Because of concern over Rebecca's (not her actual name) safety over the abuse suffered by her husband, the specific details over her ordeal could not be published.
"I came out to share my testimony so that other women could know and feel safe. I want to encourage all women who are survivors to come to Jewish Family Services for help," said Rebecca at the fund raising event that took place at the Renaissance Hotel in Plantation.
The deep emotions that Rebecca resounded with leaders and staff of Jewish Family Service who wish to spread the word that domestic abuse in the Jewish community is a fact and not a myth.
Statistics obtained by organizations such as Jewish Women's International and Jewish Coalition Against Domestic Abuse indicate that domestic abuse within the Jewish community occurs at the same rate as the general population in the United States.
Moreover, the studies indicate that abuse occurs in every religious stream of Judaism, including those unaffiliated and equally in all economic categories.
"GJFS Kolot has been a coalition of voices speaking out to end domestic abuse in the Jewish community since 1999," said Randee Lefkow, chairperson of the GJFS Kolot at the event.
"We are dedicated to educating and engaging youth, women, men, clergy and survivors to take a stand against domestic abuse."
"The human tragedy caused by abusers have been all over the headlines this year and people like you are ripping the veil off this malady and bringing it out to public view," said Jacob Schreiber, Chief Executive Officer of GJFS.
Lefkow and Schreiber both continued to emphasize the need for greater recognition of domestic abuse as well as the need to provide protection and assistance to victims, whom GJFS prefers to be called survivors.
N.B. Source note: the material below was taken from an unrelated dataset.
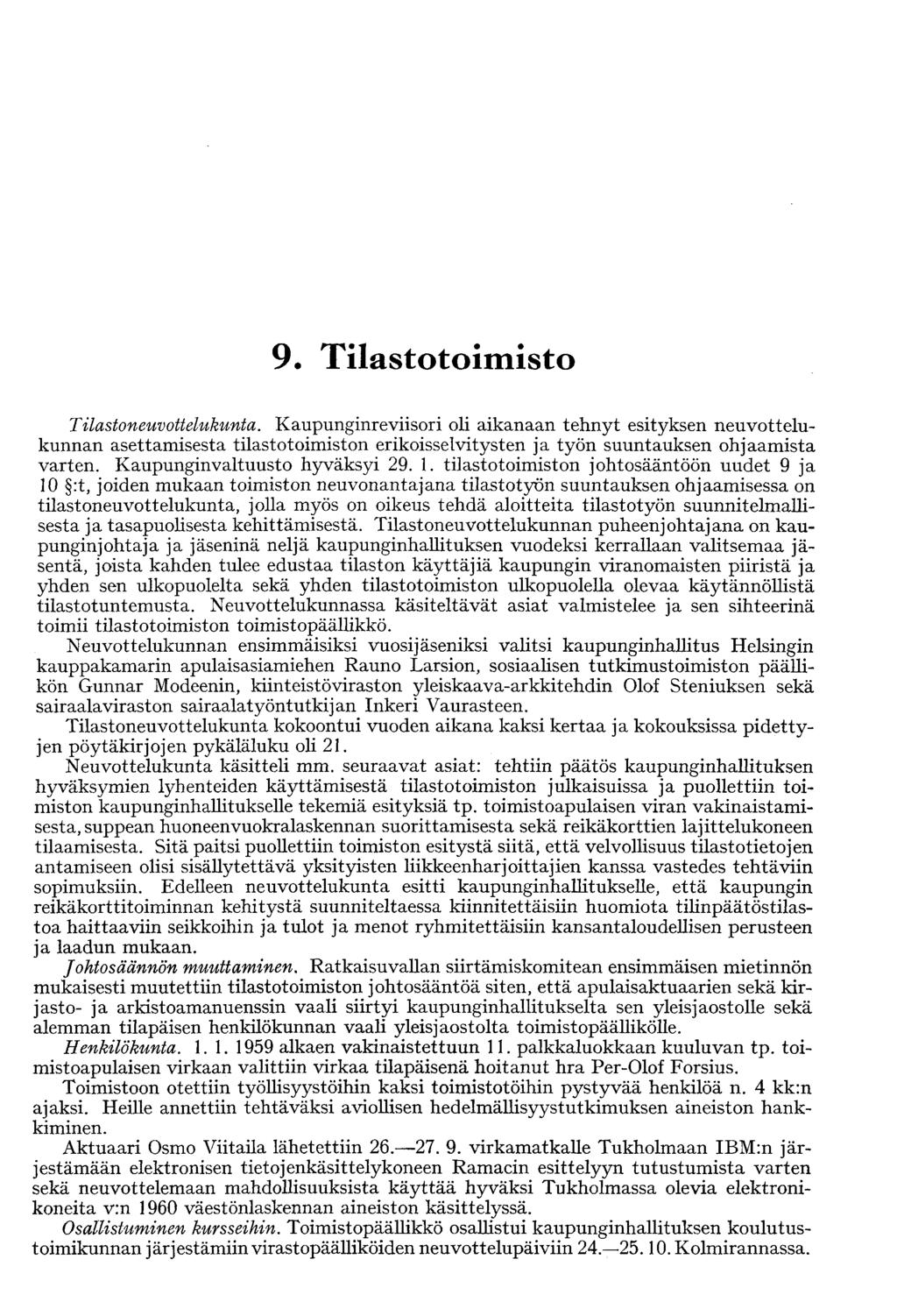 9. Tilastotoimisto Tilastoneuvottelukunta. Kaupunginreviisori oli aikanaan tehnyt esityksen neuvottelukunnan asettamisesta tilastotoimiston erikoisselvitysten ja työn suuntauksen ohjaamista varten.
Brochures distributed by GJFS and other agencies on domestic abuse indicate what the category means. JCADA refers to domestic abuse as involving acts of emotions (constant criticism, humiliating remarks), physical abuse, economic abuse (withholding credit cards, money, or keeping a partner from work), sexual abuse, threats and intimidation among other behaviors.
Thalia Rydz, who heads the domestic abuse program at GJFS, indicate that domestic abuse survivors come to GJFS through a variety of channels, such as a GJFS 24 hour support line, rabbis and synagogues, Jewish teen organizations, schools among other sources.
"We place 'Don't Suffer In Silence' plaques in the bathrooms at synagogues/temples, Jewish community centers and other Jewish organizations buildings," said Rydz.
GJFS alerts other Jewish organizations about their services and survivors also hear about the program through word of mouth from other survivors, family and friends, among other sources.
Survivors of domestic abuse many also include children in the family.
"Witnessing domestic abuse does constitute as child abuse. In addition, many times children are directly victimized by the abuser," said Rydz.
GJFS currently serves 42 survivors of domestic violence in Broward County with service impacting 120 children of survivors.
"Through individual counseling, case management and support groups, we educate and empower our clients to make their own choices, given their unique circumstances. We guide them based on their wants and needs. It is extremely important that we allow our clients to use their own voices in making their own decisions, because often, abusive relationships deny them of that privilege," added Rydz.
There were over 100 donors who offered items for sale at the silent auction of the Kolot Chai Tea event.